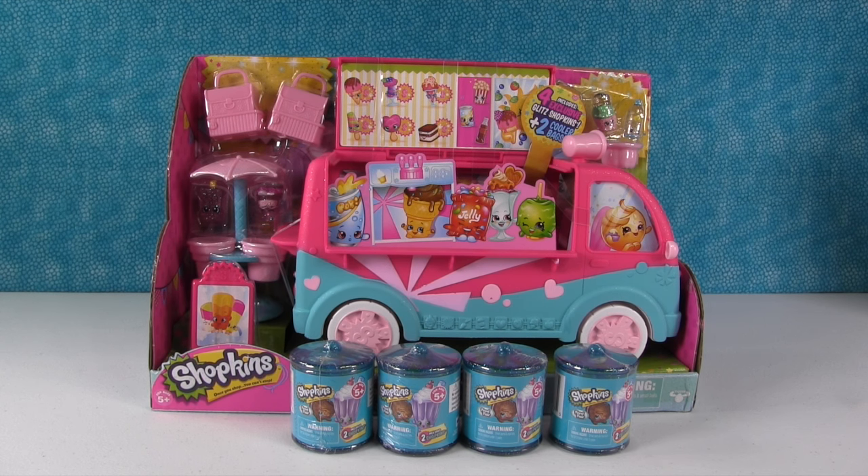Hey everyone, it's Shannon. And Paul. And Shopkins. Food Fair Shopkins. Yes, Food Fair.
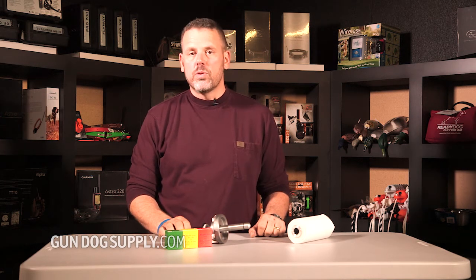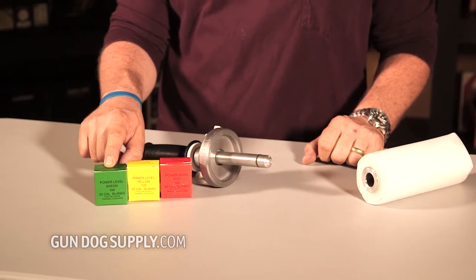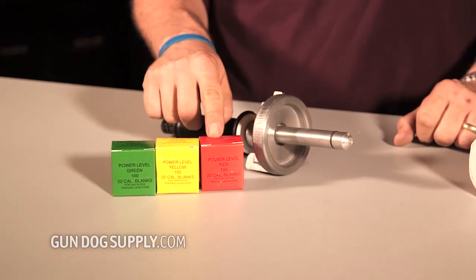You can buy three different kinds of power loads with the Retriever Trainer. Green is the lowest — they'll shoot on average about 150 feet. Medium is the yellow, they're about 175 feet. The red power loads will shoot up to around 200 feet.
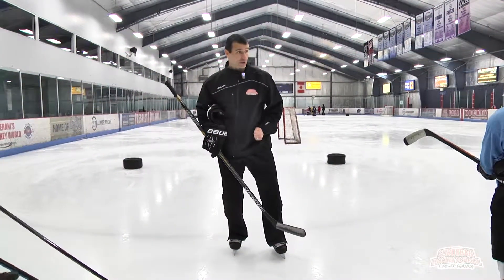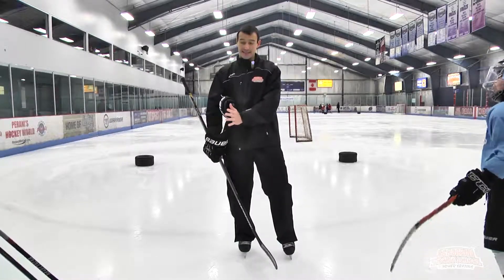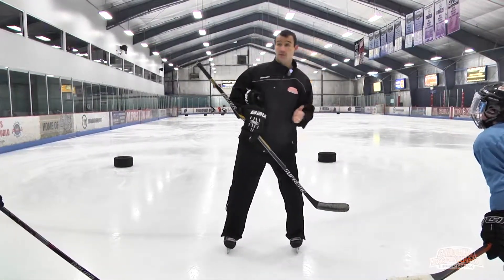If you aren't putting pressure or enough body weight on that front skate, and you're really relying on the outside skate, which is the rear skate, you can't effectively accelerate out of the turn.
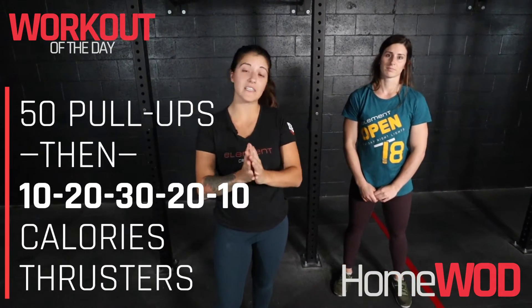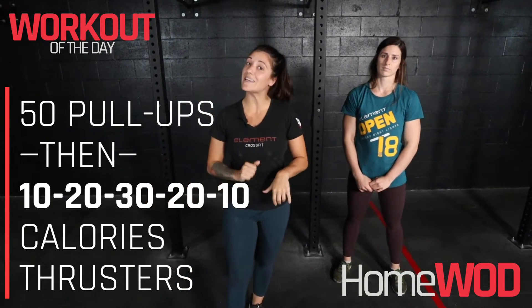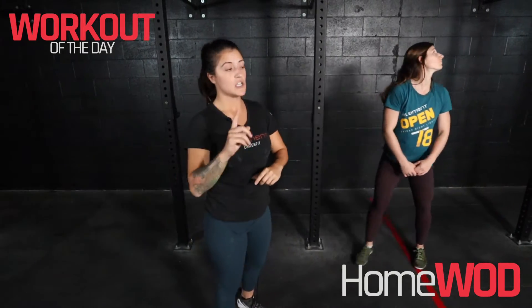Hey everybody, Coach Victoria here. Today's workout we're gonna start with 50 pull-ups — a nice 50 pull-up buy-in — and then we are doing 10-20-30-20-10 of calories on a bike or rower and thrusters.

- - -

Problem: Leave out the images and repeat the rest of the data word for word.

Reply to the exercise:
Hey everyone, it's Shannon. And Paul. And Shopkins. Food Fair Shopkins. Yes, Food Fair.
You can buy three different kinds of power loads with the Retriever Trainer. Green is the lowest — they'll shoot on average about 150 feet. Medium is the yellow, they're about 175 feet. The red power loads will shoot up to around 200 feet.
If you aren't putting pressure or enough body weight on that front skate, and you're really relying on the outside skate, which is the rear skate, you can't effectively accelerate out of the turn.
Hey everybody, Coach Victoria here. Today's workout we're gonna start with 50 pull-ups — a nice 50 pull-up buy-in — and then we are doing 10-20-30-20-10 of calories on a bike or rower and thrusters.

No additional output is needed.